Schering nur zu Mondpreisen zu haben

Der Übernahmepoker um den Pharmakonzern Schering entscheidet sich heute. Die Darmstädter Firma Merck hat immer mehr Schering-Aktien gekauft – und treibt damit den Preis für die Bayer-Gruppe in die Höhe. Die Belegschaft muss die Zeche zahlen

VON RICHARD ROTHER

Für Berlin und Schering wollten sie nur das Beste, erläuterten die Vertreter des Darmstädter Familienunternehmens Merck wortreich, als sie im März im feinen Hotel Adlon ihre Übernahmepläne den Journalisten erklärten. Nachdem der Leverkusener Chemie- und Pharmakonzern Bayer die Merck-Offerte deutlich überbot, erweisen sich heute die Merck-Manager als das, was sie möglicherweise von Anfang an waren: Spekulanten. Heute um 24 Uhr endet die Frist für die Schering-Anleger, das Bayer-Angebot anzunehmen. Merck hatte sich in den vergangen Tagen mit immer mehr Schering-Aktien eingedeckt – vermutlich, um von Bayer Preis- oder weitere Zugeständnisse verlangen zu können. Die Spekulationsmasse ist die Weddinger Pharmafirma .
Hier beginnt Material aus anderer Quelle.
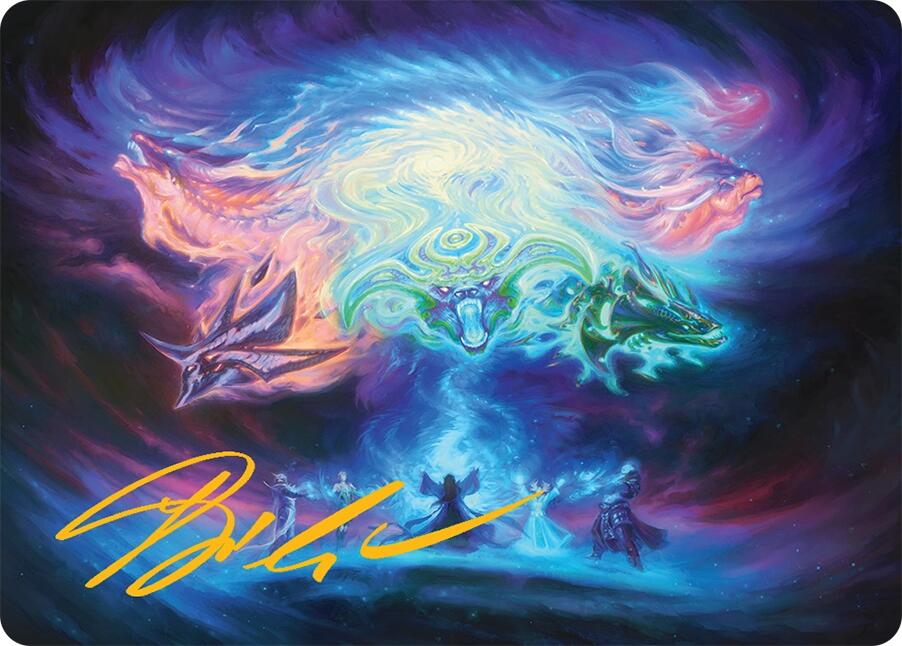 Call the Spirit Dragons Art Card (21/54) (Gold-Stamped Signature) [Tarkir: Dragonstorm Art Series] | D20 Games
Denn Bayer muss bis heute Abend 75 Prozent der Schering-Aktien halten. Andernfalls scheitert die Übernahme, aus der die neue Bayertochter Bayer Schering Pharma mit Sitz in Berlin werden soll. Das wissen natürlich auch die Merck-Manager, die bislang mehr als 20 Prozent der Aktien zusammenkauften. Damit haben sie ein Pfund in der Hand, mit dem sie bis heute Abend wuchern können. Entweder, Bayer legt auf sein Angebot in Höhe von 86 Euro je Schering-Aktie noch etwas drauf. Oder aber Bayer bietet den Merck-Managern Teile des gewinnträchtigen Schering-Geschäfts an – etwa Patente, neu zu entwickelnde Medikamente oder ganze Sparten. Gestern schloss Bayer bereits nicht mehr aus, auch einen höheren Preis, als bislang geboten, für Schering zu zahlen.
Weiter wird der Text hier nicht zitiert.